Heat Exchangers in Plants & Refineries | Energy Conservation
- Can you use heat integration more in an area of integrity?
- Can heat integration be applied among compatible units?
- Can heat integration done directly?
- Do you need a buffer system to conduct heat integration?
- Can you use combustion gas turbine exhaust to produce utility belt from hot oil, for instance?
- Can you add extra heat exchanger unit?
- Do you have an application for heat transfer enhancement?
- Do you have a possibility to add more tubes?
- Do you have a possibility to use twisted tube units?
- Do you have a possibility to enhance the fin fan coolers surface area?

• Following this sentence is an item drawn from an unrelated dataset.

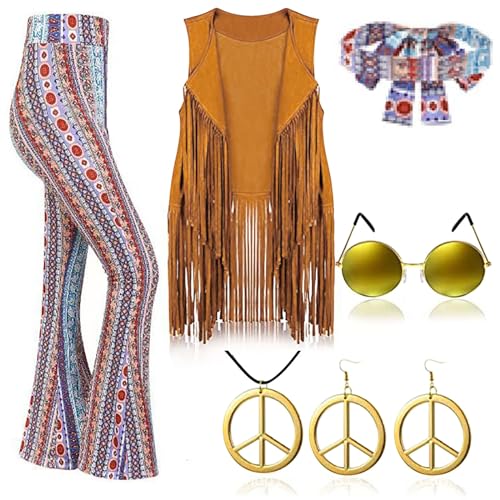 Hehiy Hippie Kleidung Damen Set mit Hippie Oberteil Schlaghose Damen Accessoires 60er 70er Bekleidung Damen Hippie Kostüm faschingskostüme erwachsene kostüme damen 80er jahre von Hehiy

- Can extra shells be installed on re-boilers so that exhaust steam can be used in place of HP steam?
- Is cooling water rate optimized via heat exchangers configuration in series or parallel arrangement?
- Is that possible to operate the crude oil de-Salter using hot water and less washing water?
- Are the crude heat train monitored to proactively clean it and reduce fouling?
Heat exchangers are used throughout the process plants to recover heat from processes and transfer heat to the process flows. Next to efficient integration of heat flows throughout the process plant, refinery for instance, the efficient operation of heat exchangers is a major area of interest.
In a complex refinery, most processes occur under high temperature and pressure conditions; the management and optimization of heat transfer among processes is therefore crucial to increasing overall energy efficiency. Fouling, a deposit buildup in units and piping that impedes heat transfer, requires the combustion of additional fuel.
For example, the processing of many heavy crude oils in the United States increases the likelihood of localized coke deposits in the heating furnaces, thereby reducing furnace efficiency and creating potential equipment failure. The problem of fouling increases with increased processing of heavier crudes.
Fouling is the effect of several process variables and heat exchanger design. Fouling may follow the combination of different mechanisms. Several methods of investigation have been underway to attempt to reduce fouling including the use of sensors to detect early fouling, physical and chemical methods to create high temperature coatings (without equipment modification), the use of ultrasound, as well as the improved long term design and operation of facilities.
Worldwide research in fouling reduction and mitigation is continuing by focusing on understanding the principles of fouling and redesign of heat exchangers and reactors. Currently, various methods to reduce fouling focus on process control, temperature control, regular maintenance and cleaning of the heat exchangers (either mechanically or chemically) and retrofit of reactor tubes.
Overall energy savings of 0.7% by cleaning the heat exchanger tubes of the crude distillation unit and other furnaces can be achieved with reasonable payback period. Fouling was identified as a major energy loss in many refineries. Regular cleaning of heat exchangers and maintenance of insulation would result in significant annual savings.